Do you know how your parenting style is affecting the development of your child's personality ?
We are shaping their hearts and minds everyday. Let's to do so in ways that uplift, empower and liberate...
You're not alone !
Many parents struggle to get that balance just right
Personality Traits
Which traits would you like to instil in your child ?

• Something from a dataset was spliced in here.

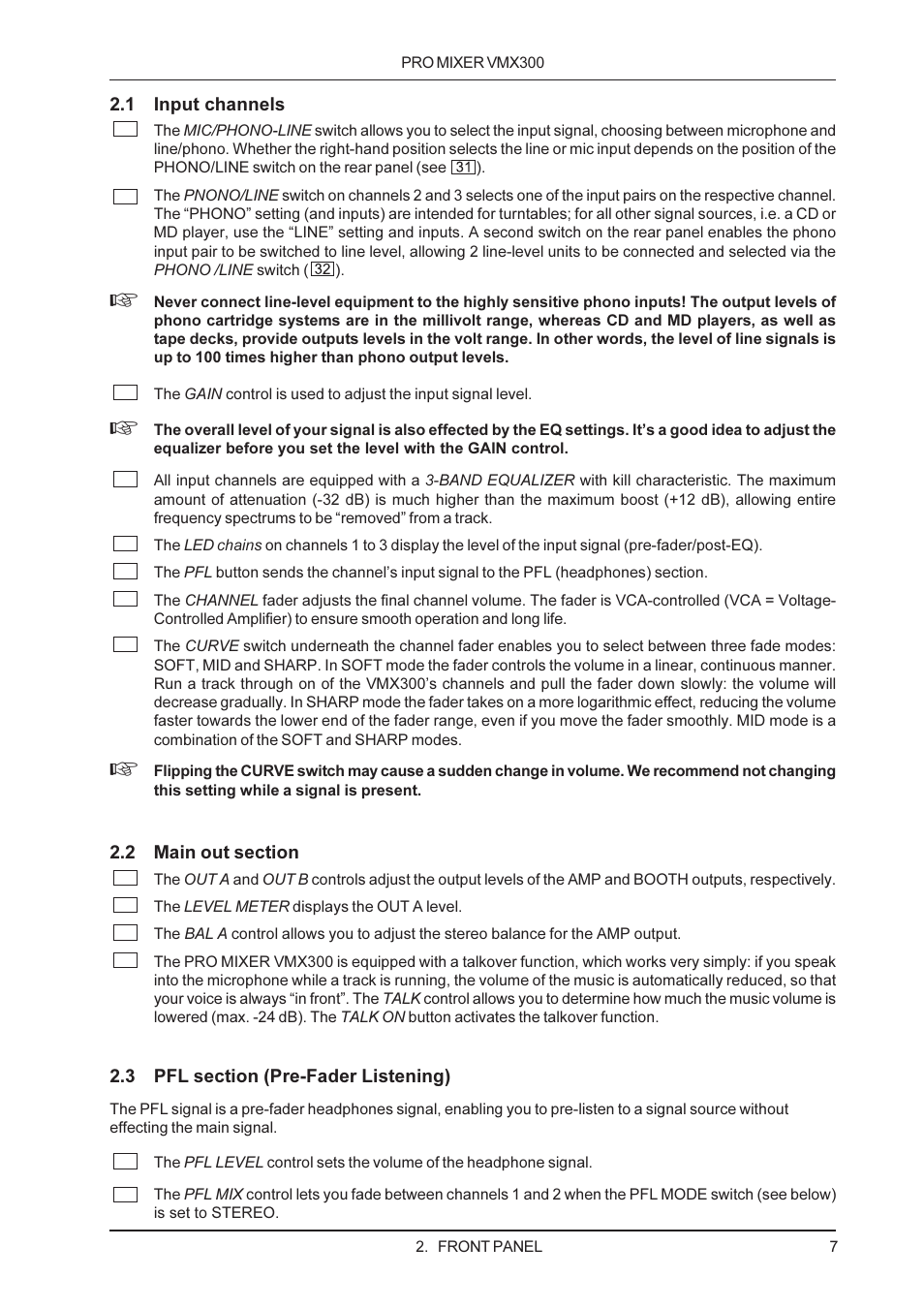 Behringer VMX300 User Manual | Page 7 / 12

You want her to feel safe and secure, yet also open and adventurous
to be confident and assertive, but not arrogant and aggressive
to be friendly and outgoing, and also independent and free-spirited
to be conscientious and successful but not obsessive and neurotic...
It's all about BALANCE !
Parenting is a really tricky juggling or balancing act. It’s like we’re always trying but never quite getting into that Goldilocks zone, of not too hot, not too cold, but just right! We all want to be warm affectionate parents, and cool, fun parents but somehow we always end of over- or under-doing it. It’s not easy because our own lines have been skewed and so we don’t realize when we’re crossing the line, or missing the mark. The key is Balance.
Why is this happening ?
What is causing this disconnect between me and my child ?
The research suggests that around 55% of kids develop a Secure Attachment Style or bond, which means that their parents have a Supportive Parenting Style. The remaining 45% have an insecure style, either Resistant (Permissive Parenting) 15%, Avoidant (Harsh Parenting) 15%, or Disturbed (Abusive/Neglectful Parenting) 15%. Your starting point will be to discover your own parenting style and how it is shaping your child’s attachment style – the bond between you – and your child’s personality.

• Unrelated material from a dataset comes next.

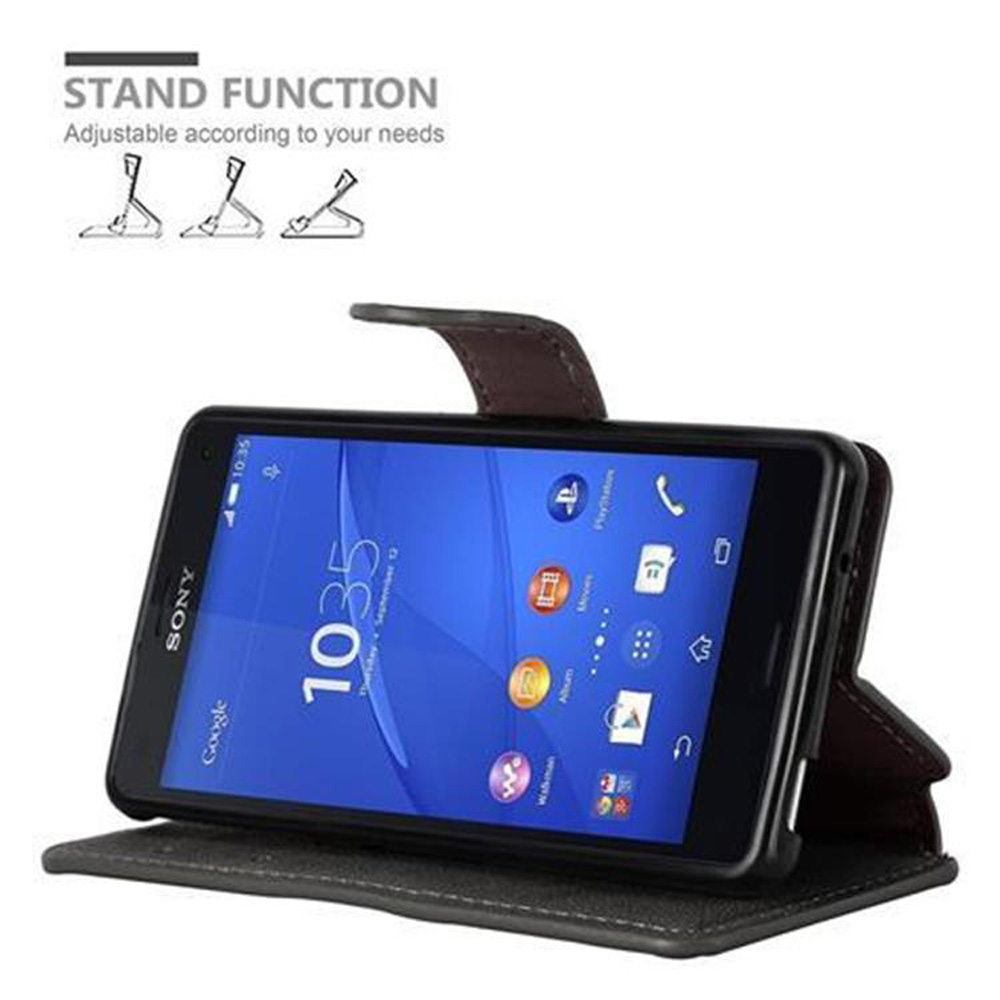 Teléfono en funda, en ángulo para mostrar la función de soporte, con el soporte visible.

The next step is to discover the implicit emotional schemas that are involved in each of these styles. For example Permissive Parenting involves two main emotions, Pride and Anger. Permissive parents make their child the center of attention and gush over them with false adulation and this exaggerates and distorts pride into arrogance and superiority. They also struggle with discipline and so the child knows he/she can ramp up and amplify their upset, throw tantrums to get what they want; the Resistant Attachment Style commonly known as the “spoiled” child.
Parenting Styles
Do you know your parenting~attachment style ?
Children are not perfect little angels, nor are they rotten little monsters. They are learning to use their bodies and minds, learning to walk and talk, learning to express themselves and their emotions, testing and figuring out how things and people work, and when something doesn’t go their way they are bound to get upset. Parents can respond to a child’s upset in different ways and the child will learn to use his/her emotions accordingly.
Kids are either: 1) taught to express their emotions meaningfully; or 2) forced to repress emotions by hiding, denying and over-internalizing; or 3) allowed to amplify, exaggerate and over-externalize their upset; or 4) driven into a dissociative chaotic state of chronic distress. How the parent treats the child directly impacts how the child uses each of his/her emotions, how they deal with stress, how they respond to challenges and opportunities, which altogether forms the foundation and core of their personality (and possible future psychopathology/problems).
Emotional Schemas
The way we respond and discipline teaches our children to either:
Express Emotions
Repress Emotions
Emotions in Excess
Chronic Distress
What can we do ?
Is there hope for us ? Can we mend the bond ?
Arguing over homework, chores, food, clothes, and everything else is exhausting. It’s easy to default to punishments like revoking privileges, taking away their phone or tablet, but there are other, better ways to discipline.
Perhaps you’re dealing with a more serious problem like violence, trauma or abuse or a difficult divorce and you can see what it’s doing to your child, how it’s affecting him/her but you feel powerless and don’t know how to help?
It’s not easy, but you can change your parenting style, if you are really motivated to work at it, to put in the time and effort, it’s totally worth it, in so many ways, not just for your kid but for you as well. It’s never to late to start!
Learn how to attune and play with your child...
Encourage them to Feel, Regulate, Evaluate, and Express their emotions...
Build your child's personality traits and emotional intelligence...
Do effective fair discipline using natural consequences...
The young & Restless
Strive to be like them but seek not to make them like you
You children don’t belong to you, they belong to the sun and to the restless wind, that’s where they go.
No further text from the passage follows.